Work required: In the entries below, repeat only the lines between those holding "GF20 Veradel 3320" and "Iamikram.com Jack Barbosa", inclusive. Leave pictures out.

The records:
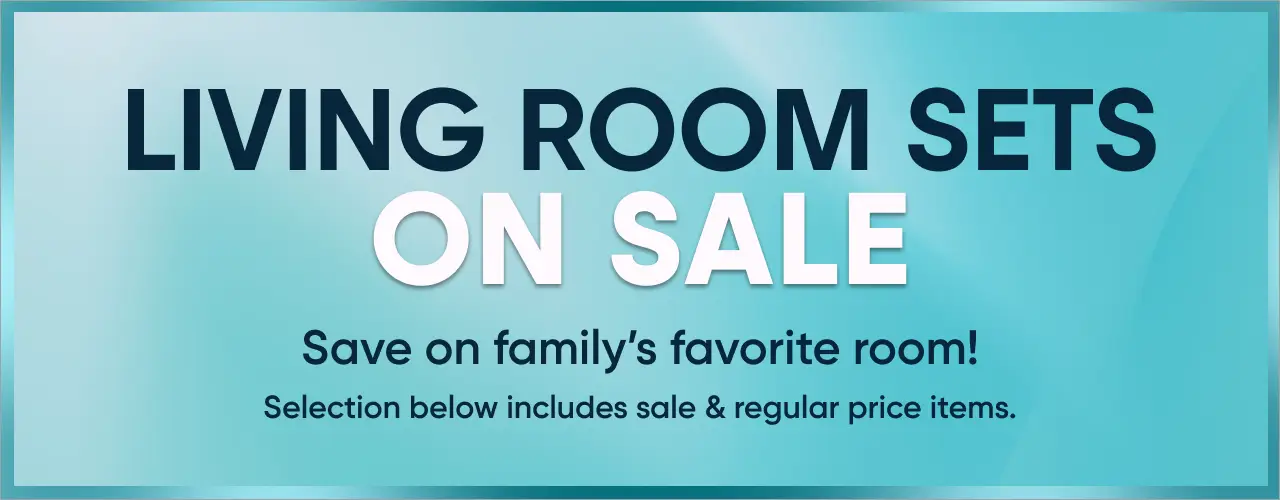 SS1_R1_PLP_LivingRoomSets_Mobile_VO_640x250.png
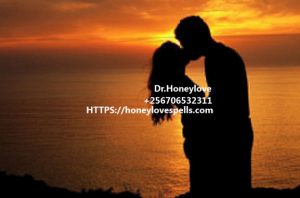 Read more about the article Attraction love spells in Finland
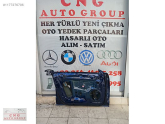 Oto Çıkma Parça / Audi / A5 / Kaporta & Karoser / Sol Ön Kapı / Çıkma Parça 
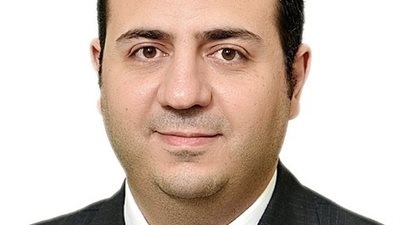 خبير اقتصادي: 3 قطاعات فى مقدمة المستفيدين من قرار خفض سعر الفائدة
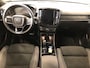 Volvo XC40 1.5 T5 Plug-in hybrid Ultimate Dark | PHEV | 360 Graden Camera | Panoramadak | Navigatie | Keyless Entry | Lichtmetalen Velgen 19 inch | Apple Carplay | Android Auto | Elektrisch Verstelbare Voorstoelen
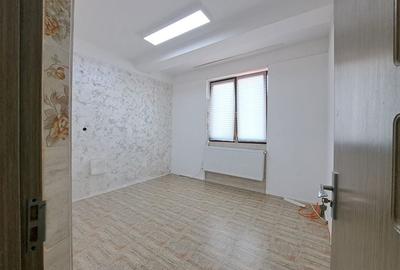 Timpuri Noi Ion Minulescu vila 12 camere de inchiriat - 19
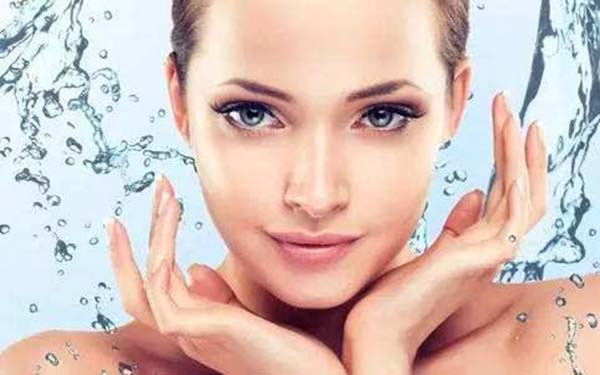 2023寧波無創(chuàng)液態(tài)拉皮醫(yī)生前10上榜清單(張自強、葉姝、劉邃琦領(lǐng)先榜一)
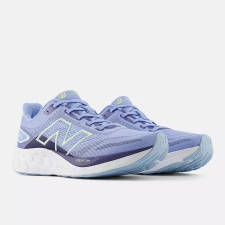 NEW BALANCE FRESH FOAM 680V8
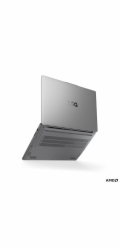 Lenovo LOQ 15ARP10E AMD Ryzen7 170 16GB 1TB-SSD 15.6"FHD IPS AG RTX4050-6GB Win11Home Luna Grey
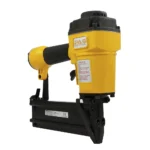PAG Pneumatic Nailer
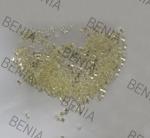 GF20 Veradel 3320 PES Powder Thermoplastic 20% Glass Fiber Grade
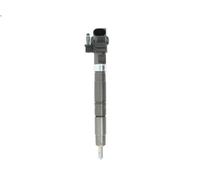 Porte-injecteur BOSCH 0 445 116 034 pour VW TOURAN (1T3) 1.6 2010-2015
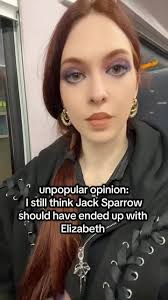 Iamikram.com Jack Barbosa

==

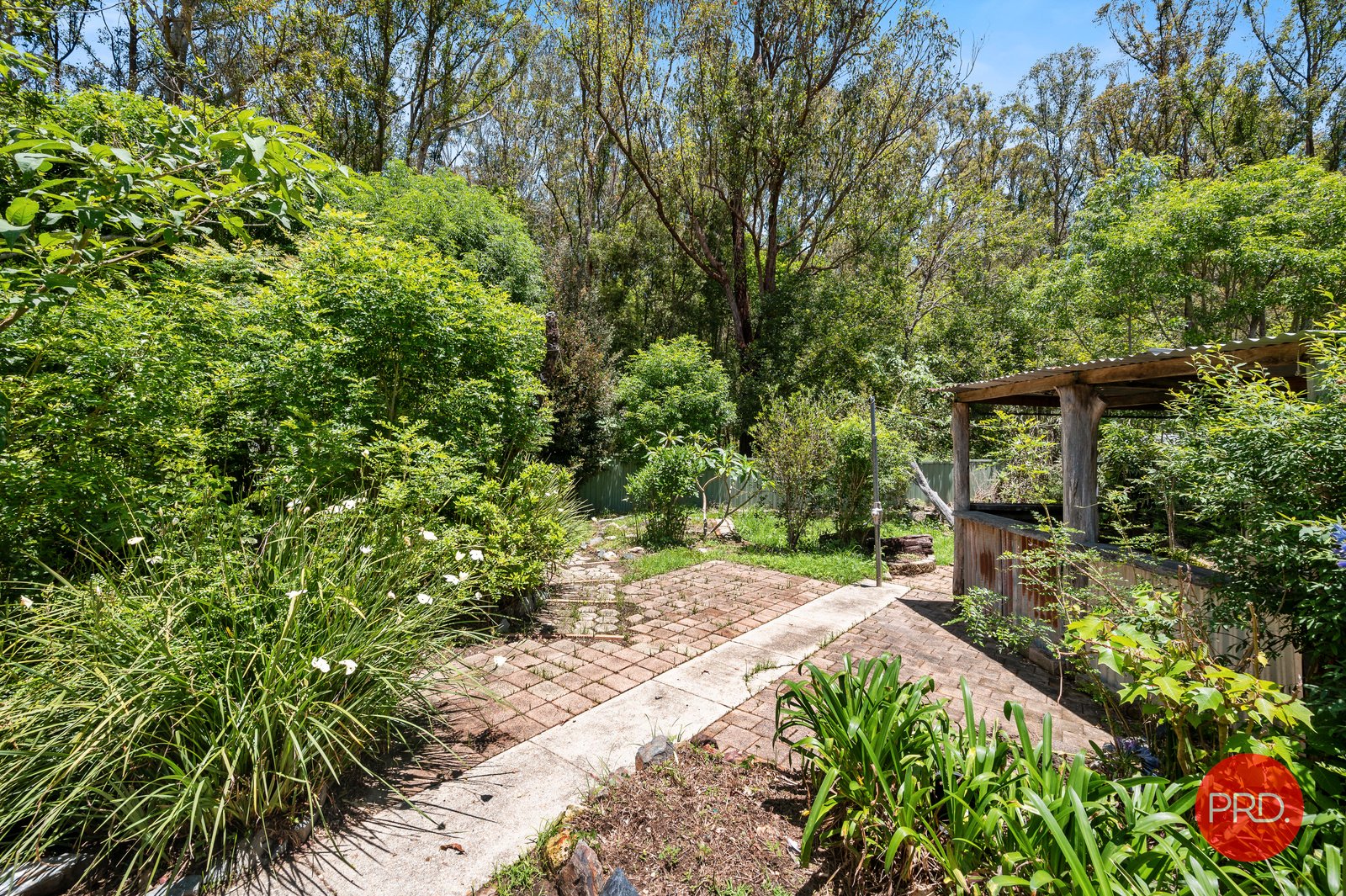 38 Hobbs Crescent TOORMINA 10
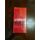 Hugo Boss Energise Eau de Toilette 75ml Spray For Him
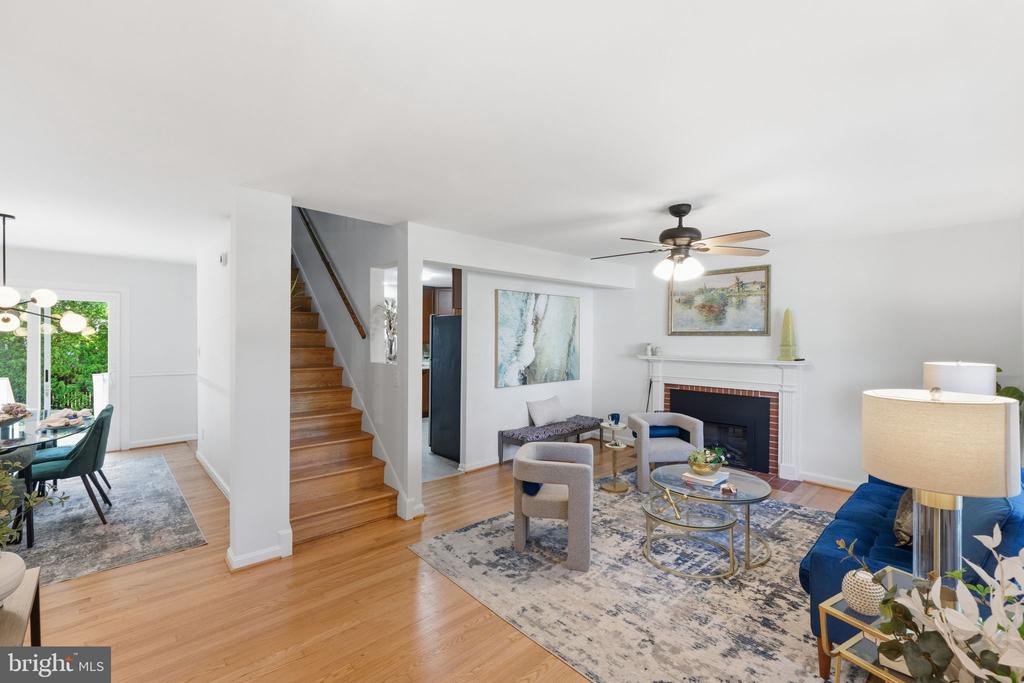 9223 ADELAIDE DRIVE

--

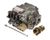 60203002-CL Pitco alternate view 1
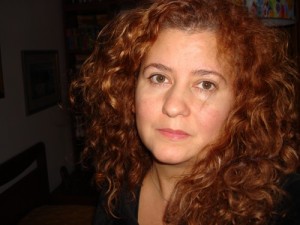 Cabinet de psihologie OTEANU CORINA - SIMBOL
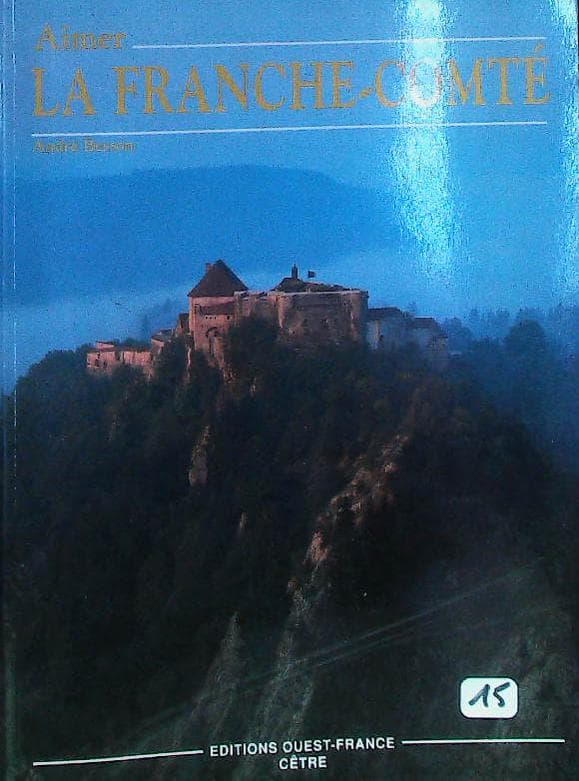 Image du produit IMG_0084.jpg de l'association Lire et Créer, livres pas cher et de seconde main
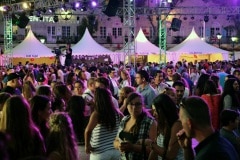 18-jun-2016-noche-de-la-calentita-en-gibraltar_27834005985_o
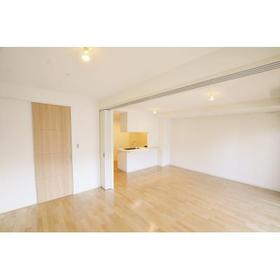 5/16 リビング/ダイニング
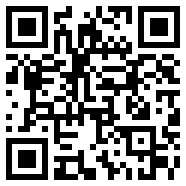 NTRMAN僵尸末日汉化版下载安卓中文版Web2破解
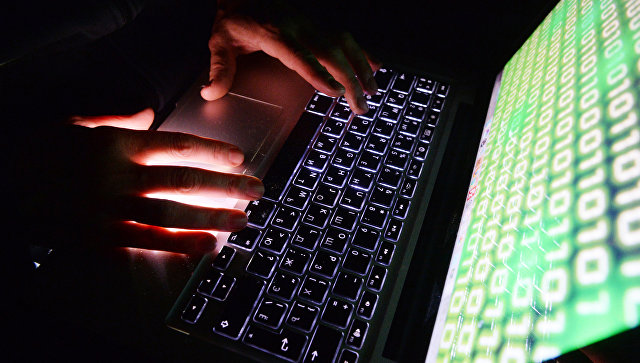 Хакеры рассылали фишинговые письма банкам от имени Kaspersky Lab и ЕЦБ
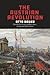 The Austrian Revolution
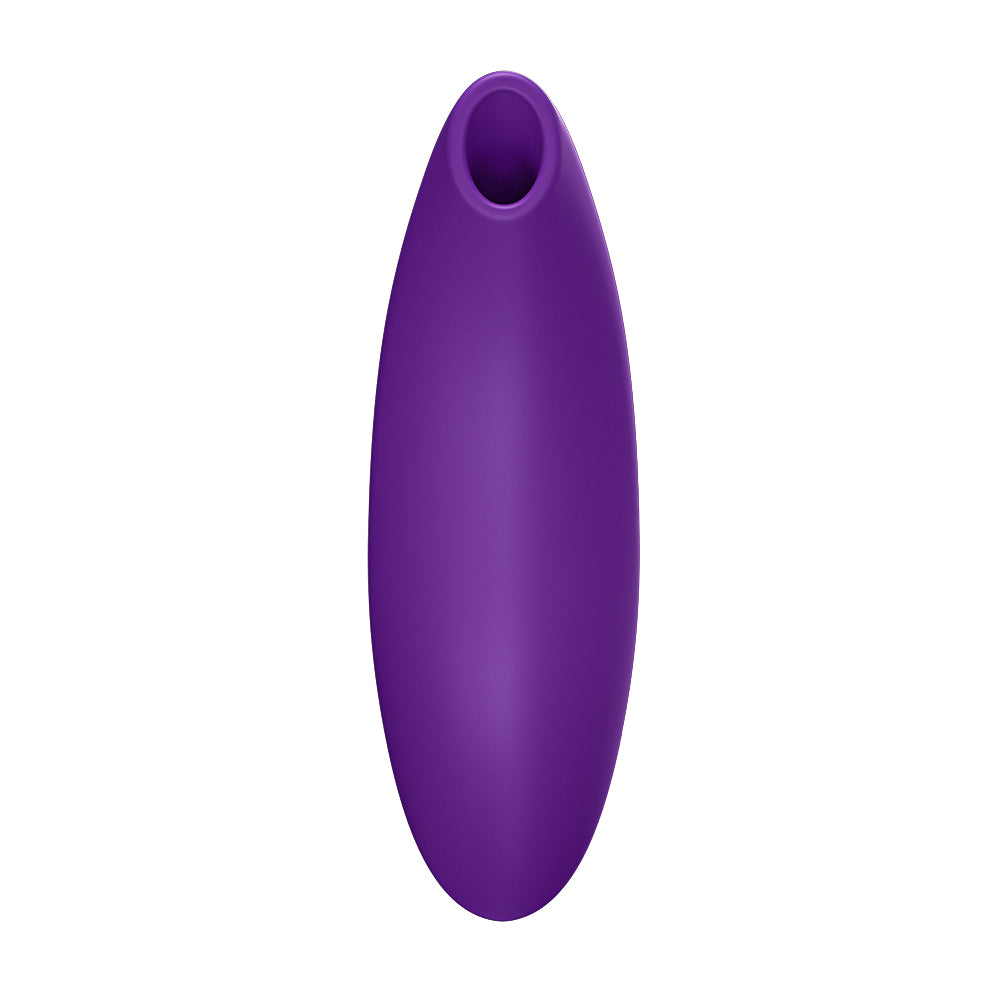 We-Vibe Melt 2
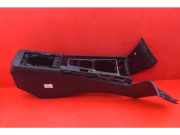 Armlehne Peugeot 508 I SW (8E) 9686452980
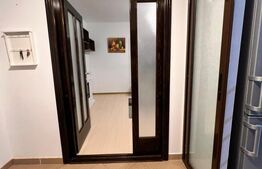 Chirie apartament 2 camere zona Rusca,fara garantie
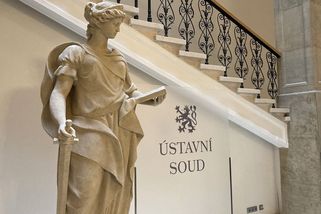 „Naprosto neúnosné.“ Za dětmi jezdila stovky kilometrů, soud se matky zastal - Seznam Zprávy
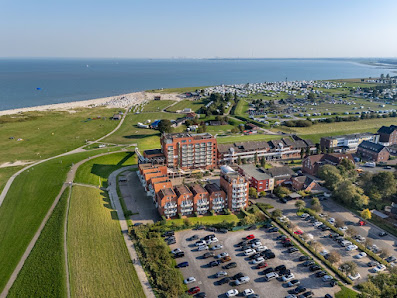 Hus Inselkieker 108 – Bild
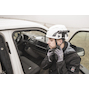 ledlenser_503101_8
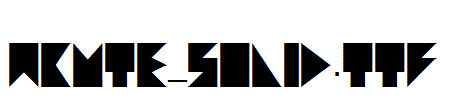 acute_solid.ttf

Answer below:
 GF20 Veradel 3320 PES Powder Thermoplastic 20% Glass Fiber Grade
 Porte-injecteur BOSCH 0 445 116 034 pour VW TOURAN (1T3) 1.6 2010-2015
 Iamikram.com Jack Barbosa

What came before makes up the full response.